I flew in Sunday night and want­ed to go to The Field Museum, but the Chicago Marathon had traf­fic so snarled that I spent 45 min­utes on a bus, moved about half a mile, and was then told to get off the bus, cross the street, and wait for a shut­tle that would then turn around and take us to the mu­se­ums. This was at 3:30 and the last ad­mis­sion to the mu­se­um was at 4, so I was forced to walk up and down Michigan Avenue shop­ping. I al­so went to Navy Pier on Sunday Night. Monday Night I went to The Billy Goat, which is a fa­mous bar where Chicago Tribune jour­nal­ists have been go­ing for years and years. They serve cheezborg­ers (that’s how they spell it) and steak and egg sand­wich­es. No Pepsi…Coke, No Fries…Chips. It’s cash on­ly, and a re­al­ly cool place. The Billy Goat Dark beer was re­al­ly tasty, but I drank it all night with­out even get­ting so much as a buzz. I watched the Browns game a bit and hung out with some folks I know from MetaFilter.

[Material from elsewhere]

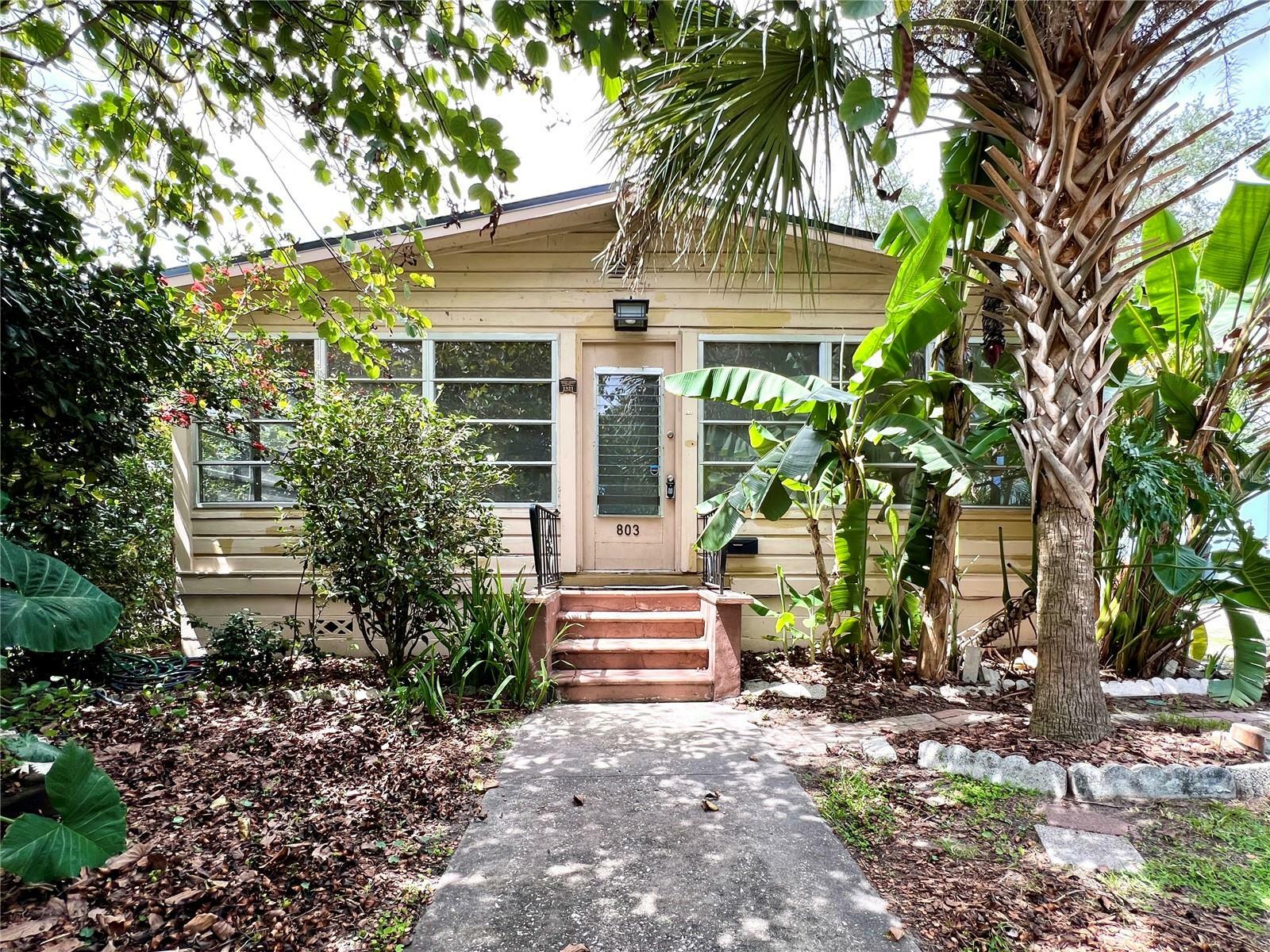 Property Photo: 803 E Amelia Street FL 32803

The Blue Line Elevated Train ran from O’Hare just about to my hotel, so I saved some se­ri­ous cash by pur­chas­ing a CTA pass in­stead of spend­ing $60 for the round-trip shut­tle or $80 on a cab ride. In Chicago, just about every­body rides pub­lic trans­porta­tion.

All in all, a great stay. Chicago is a town that is pret­ty much im­pos­si­ble to dis­like.